Yeah, exactly. And maybe to just put it in even simpler terms, if you go to the doctor and the doctor takes us a blood sample, they measure 50 or so molecules in that blood sample in what is called clinical chemistry. And many of these molecules give an indication. Many of them are actually proteins, and they tell the doctor how well your kidney functions, for example, how well your liver functions, how well your heart functions. If they're in the normal range, all is good. But if they're too high or too low, then you would be diagnosed, or you would be followed up with additional tests, and let's say they would make a judgment that you have maybe early stage heart disease. So what we do is we expand this. Instead of just measuring a handful of proteins like clinical chemistry does now, we measure 5,000 proteins. And actually the platform we are using, it's a commercial platform. Today, I can measure 11,000 proteins.

Nicholas Weiler:

Wow.

Tony Wyss-Coray:

So we measure these thousands of proteins, and we ask where do they come from? Which cell in the body produces each of these proteins? And a majority of them are produced by many different cells, or even by all cells because they're essential building blocks, let's say that provide the scaffold of the cell. So every cell needs that protein. So we cannot get a lot of information from that protein.

Nicholas Weiler:

That'll give you something about the organism as a whole, presumably.

Tony Wyss-Coray:

At the organism as a whole, exactly. But there may be a protein that is only produced in neurons in your brain. And if we detect this protein in the blood, and indeed we can with this platform about 200 proteins, we know are most likely coming from the brain. So if they change now with age, it gives us an indication of what's happening in the brain, right? And as an extension, because we know as you get older and as these proteins get out of whack, they are associated with brain disease, with cognitive aging, and ultimately potential with Alzheimer's or other neurodegenerative diseases.
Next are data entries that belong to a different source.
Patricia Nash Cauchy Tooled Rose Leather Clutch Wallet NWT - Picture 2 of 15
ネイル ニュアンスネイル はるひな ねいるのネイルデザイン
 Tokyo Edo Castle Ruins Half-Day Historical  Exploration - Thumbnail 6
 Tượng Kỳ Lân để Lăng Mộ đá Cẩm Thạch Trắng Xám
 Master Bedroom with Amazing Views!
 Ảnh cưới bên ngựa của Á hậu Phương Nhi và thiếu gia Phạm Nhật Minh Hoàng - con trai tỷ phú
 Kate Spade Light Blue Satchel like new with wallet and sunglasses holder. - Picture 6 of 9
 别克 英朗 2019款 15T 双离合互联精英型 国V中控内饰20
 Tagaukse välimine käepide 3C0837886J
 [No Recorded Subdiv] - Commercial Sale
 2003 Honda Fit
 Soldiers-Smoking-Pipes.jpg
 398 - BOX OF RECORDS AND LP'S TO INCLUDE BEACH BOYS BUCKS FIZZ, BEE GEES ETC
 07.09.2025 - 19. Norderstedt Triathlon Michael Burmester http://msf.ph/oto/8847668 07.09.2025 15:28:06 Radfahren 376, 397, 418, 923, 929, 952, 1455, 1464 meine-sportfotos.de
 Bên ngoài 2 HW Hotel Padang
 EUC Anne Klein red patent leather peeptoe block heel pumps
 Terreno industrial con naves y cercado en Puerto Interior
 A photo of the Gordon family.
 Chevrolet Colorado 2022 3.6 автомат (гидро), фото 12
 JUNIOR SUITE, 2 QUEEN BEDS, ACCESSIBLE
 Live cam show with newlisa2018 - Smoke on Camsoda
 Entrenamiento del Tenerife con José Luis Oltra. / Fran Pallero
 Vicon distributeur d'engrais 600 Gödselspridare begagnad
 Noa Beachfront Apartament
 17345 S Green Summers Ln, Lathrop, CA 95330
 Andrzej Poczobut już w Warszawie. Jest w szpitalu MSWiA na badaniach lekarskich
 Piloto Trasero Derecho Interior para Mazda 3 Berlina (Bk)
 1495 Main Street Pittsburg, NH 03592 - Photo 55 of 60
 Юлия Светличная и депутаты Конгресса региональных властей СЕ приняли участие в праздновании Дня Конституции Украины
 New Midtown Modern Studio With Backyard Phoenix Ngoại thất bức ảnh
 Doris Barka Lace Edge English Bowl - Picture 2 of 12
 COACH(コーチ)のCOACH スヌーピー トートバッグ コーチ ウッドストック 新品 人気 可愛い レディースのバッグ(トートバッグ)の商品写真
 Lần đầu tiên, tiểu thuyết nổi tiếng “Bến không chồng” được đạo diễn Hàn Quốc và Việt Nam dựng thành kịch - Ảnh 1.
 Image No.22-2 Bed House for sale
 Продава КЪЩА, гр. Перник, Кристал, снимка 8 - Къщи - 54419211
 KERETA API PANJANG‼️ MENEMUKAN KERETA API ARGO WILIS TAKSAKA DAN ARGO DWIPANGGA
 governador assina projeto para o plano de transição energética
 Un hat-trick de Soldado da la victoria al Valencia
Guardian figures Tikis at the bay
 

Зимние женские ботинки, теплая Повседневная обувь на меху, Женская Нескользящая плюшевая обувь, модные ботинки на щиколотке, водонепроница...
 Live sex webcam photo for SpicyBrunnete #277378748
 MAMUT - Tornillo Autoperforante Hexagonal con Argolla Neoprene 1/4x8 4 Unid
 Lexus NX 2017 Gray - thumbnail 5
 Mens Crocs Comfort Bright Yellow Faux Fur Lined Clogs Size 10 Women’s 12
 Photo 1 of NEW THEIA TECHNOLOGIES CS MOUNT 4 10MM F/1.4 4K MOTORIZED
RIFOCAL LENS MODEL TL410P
They allow us to predict whether somebody will get Alzheimer's disease in the future.

Nicholas Weiler:

And is the power of this, in part from the number of proteins you're able to look at, that you're able to pull out these patterns that would be hard to have predicted in advance?

Tony Wyss-Coray:

Absolutely. Yeah. It's a combination of advances in technology and just doing the obvious. If you look at it from the perspective of what have we done in clinical chemistry in diagnosing diseases, what if you take that to a new level and you just use the same principle idea? A protein comes from the heart, so it tells me something about the heart. We basically use all these organ specific proteins, and we built these models of biological aging, or people often call them clocks. So we could build a clock with heart proteins for the heart with liver proteins for the liver, with brain proteins for the brain.

Nicholas Weiler:

And do you see this as something that could expand those clinical chemistry tests in the near future? Do you see people getting a body wide, organ wide aging profile?

Tony Wyss-Coray:

I think this is totally realistic. We still have a lot of questions. It's super exciting, right? One of the key questions is, how stable is such a signature? So if we look in a given person and we find the proteins that track heart function that change with age, if I tell you your heart is five years older today, is it tomorrow, still five years older? Is what we're reading really reflecting the age of the heart, or is it just some biological variation that happens? We think it has predictive power because we have actually, in the meantime, now looked at 50,000 individuals from the UK Biobank. This is a large healthcare study, and we can predict with very, very high probability whether somebody who has these heart proteins out of normal range, whether they will develop a heart attack in the future. And the same for brain proteins predicting dementia now in 50,000 people, and in fact, with a different platform even. It's not the same protein platform that we use in the current study.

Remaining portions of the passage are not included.